È successo che dall’uscita del disco su Campana sono stato impegnatissimo con i concerti, forse come mai in precedenza.
Ne abbiamo fatti circa 50 con puntate anche estere a Barcellona e Bruxelles.
È un progetto che ha avuto ottimi riscontri, a molti livelli e in ambiti molto diversi tra loro.
Nel contempo il progetto di Exit|Enfer si è fatto largo dentro la mia testa, non appena si sono affacciate le prime idee per nuove canzoni.
Ci aspettavamo un album pomposo e invece siamo rimasti piacevolmente colpiti da un lavoro minimale e delicato. Perché questa scelta?
È stata una scelta dettata innanzitutto dai temi del disco, che sono perlopiù intimi e personali e raccontano di un lungo viaggio “fuori” da un tunnel personale di sofferenza e di perdite.
Ci sono inoltre canzoni in cui racconto storie di pura fiction che scavano a fondo nella psicologia e nell’identità dei personaggi.
Con Hugo Race – il produttore artistico del progetto – volevamo quindi restituire questa “confidenza” con l’ascoltatore anche in musica mantenendo però una chiave e un’idea molto moderna di canzone d’autore.
La nostra idea produttiva era quella di una sorta di “crooner” contemporaneo, un possibile incontro tra Tenco e Scott Walker, per capirsi ancora meglio.
Dentro “EXIT|ENFER” una valanga di collaborazioni illustri, a partire dal produttore dell’album Hugo Race (Nick Cave & The Bad Seeds / True Spirit / Dirtmusic).
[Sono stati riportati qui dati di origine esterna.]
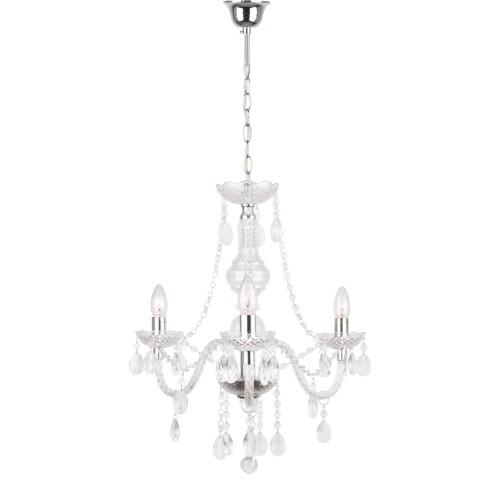 LUSTRE KRISTEN 3 LUZES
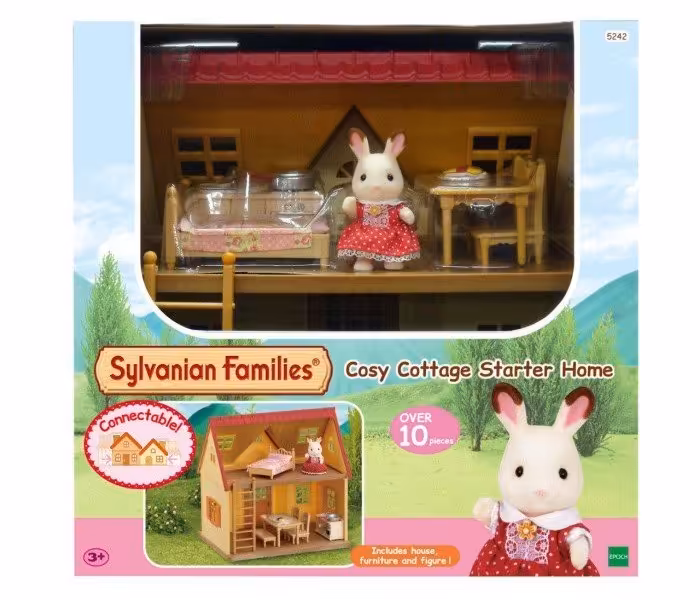 کلبه عروسک سیلوانیان فامیلیز 5242 sylvanian families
Parlaci un po’ di loro…
Non le considererei collaborazioni standard o semplici apparizioni.
In primis con Hugo che di fatto ha dato buona parte delle coordinate artistiche del progetto oltre a idee di arrangiamento decisive.
Con lui si è parlato a lungo dei testi, del concept dell’album, tanto che personalmente lo considero per una larga parte anche un “suo” disco.
Gli altri primattori – Howe Gelb, Enrico Gabrielli, Don Antonio – sono stati coinvolti perché a nostro avviso erano i migliori artisti sulla piazza capaci di capire e restituire quel disegno generale che io e Hugo abbiamo tracciato all’inizio del progetto.
Stiamo parlando di linguaggi musicali ed Howe ad esempio è uno che ne ha creati molti, e sempre diversi.
Un percorso artistico decisamente atipico il tuo, rispetto a quello che vediamo ed ascoltiamo oggi in Italia. Cosa ne pensi della scena nostrana?
Il mio percorso artistico è sempre stato dettato da due impulsi principali: la storia che avevo da raccontare e le persone che potevano condividere questa storia con me se non aiutarmi ad esprimerla al meglio.
Sono stato fortunato ad avere sempre avuto entrambe le possibilità e a lavorare con molti tra gli artisti che amo e stimo di più – Nada, ad esempio, oltre a chi è coinvolto in questo ultimo disco.
Riguardo alla scena: non ne vedo una ma anzi ne vedo tante, tutte molto piccole e autoreferenziate.
Mi pare di vedere soprattutto una gran confusione di categorie e di appartenenze, se la cosiddetta musica “indie” italiana ragiona ed opera esattamente come la peggior musica commerciale.